Eager to make an impact, Snead rushed back onto the field following his suspension, but he wasn't totally healthy. He made just one catch for 11 yards over the six games following his return. He wasn't playing well in games or practice because he was basically on one leg. He heard coaches thought he was out of shape.

The Saints, meanwhile, got on a roll with wide receiver Michael Thomas and running back Alvin Kamara emerging as a deadly 1-2 punch with Brees, and they weren't about to slow down to fold Snead back into the mix, even once he was healthy.

Snead went to Payton's office a couple times to ask what was up. One time, Payton stood on top of his desk in a demonstrative show of how much he cared about Snead. But things didn't change. Snead was targeted by just 16 passes all season, down from 104 the year before.

"Their confidence wasn't really into me anymore," Snead said. "The season last year was just totally different from the years before. If you don't have time with Drew, you really get phased out."

Snead was given one huge chance to make an impact. In the Divisional Playoff game against the Minnesota Vikings, the Saints were down by six points in the fourth quarter and tried a trick play on third-and-1. Brees threw the ball behind the line of scrimmage to Snead, who then launched it to a wide-open Kamara streaking down the other sideline.

But Snead put too much zip on the pass, and it fell just out of Kamara's reach. Snead screamed with frustration as the cameras zoomed in on his tortured face. The Saints eventually lost on an even crazier play that left rookie safety Marcus Williams as the fall guy, but the missed touchdown was haunting.

"To miss by inches … the whole season was there in that one moment," Snead said. "That emotion was the whole 2017 season right there. What a difference a year can make."

The Love Is Mutual in Baltimore

Snead was a restricted free agent this offseason, so it wasn't a good time for the worst year of his football career. Yet when the Saints assigned him a low tender, it was a bit of a relief. It opened the door for a fresh start elsewhere.

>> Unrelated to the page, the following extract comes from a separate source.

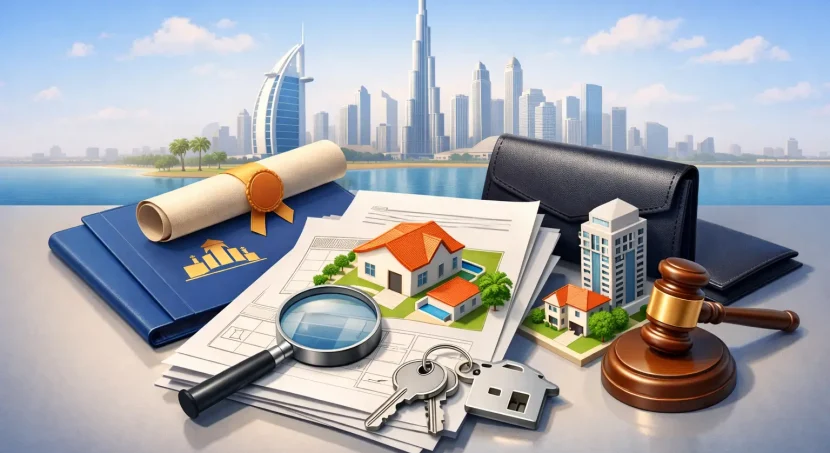 What Documents Prove Property Ownership in Dubai?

The Ravens had always been interested in Snead. It took longer than anyone would've liked (Snead had to awkwardly continue working out with the Saints after visiting Baltimore), but eventually the Ravens signed him to a two-year deal in late April.

"I think I was just really excited for something new," Snead said. "Last year just left a bitter taste in my mouth. I just wanted to go somewhere where I'm wanted."

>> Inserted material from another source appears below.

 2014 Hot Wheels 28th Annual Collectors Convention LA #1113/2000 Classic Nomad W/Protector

In Baltimore, Snead found plenty of new and people who had long desired his services.

Wide Receivers Coach Bobby Engram was the person who called Snead to recruit him as an undrafted free agent in 2014. General Manager Ozzie Newsome has also told Snead on multiple occasions how he's wanted him for a while. Harbaugh joked this week that he wants all the credit for bringing Snead to Baltimore.

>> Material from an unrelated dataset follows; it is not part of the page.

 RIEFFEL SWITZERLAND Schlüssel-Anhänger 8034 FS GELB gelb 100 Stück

"We knew him from the draft, loved him at Ball State," Harbaugh said. "He's always been really one of the favorites around here. Then to have the chance, the way that things fell together, to bring him here was something we were just thrilled about, because he fit us so well."

The Ravens had cleaned out their receiving corps and rebuilt it with Brown, Crabtree and now Snead. He was the final piece, added to be the underneath, move-the-sticks, gritty blocker guy.

"[He's been] exactly what we were looking for, what we hoped he would be when we signed him," Harbaugh said. "He can go inside or outside, but man, he makes some – they call them 'blood-area' catches. That's where he thrives."

Just look at Snead's first touchdown catch as a Raven, which also came in his first game as a Raven. In a steady rain, the barehanded Snead caught a dart on a slant, got sandwiched by two Buffalo Bills defenders and still stretched over the goal line for the score. He's been a steady, reliable spark plug.

Snead's biggest production so far this season was seven catches for 60 yards in Tennessee. His lowest production was three catches for 39 yards versus Denver. He's been Mr. Consistent.

Brees said he "loves" Willie three times in the course of two questions this week. Now that Snead's in Baltimore, the Ravens feel the same way, and it's once again mutual.

"I love it here, man," Snead said. "I just hope I can stay longer than two years."

So what will the emotions be like this Sunday when Snead faces off against his former team? Snead told the assembled media Wednesday that he has to approach it like it's just another team, but he's had it circled on his calendar for a while.

"I have so many relationships in that locker room that it's kind of an uneasy feeling that I have to play these guys," Snead said. "But I'm looking forward to it because I want to stick it to them."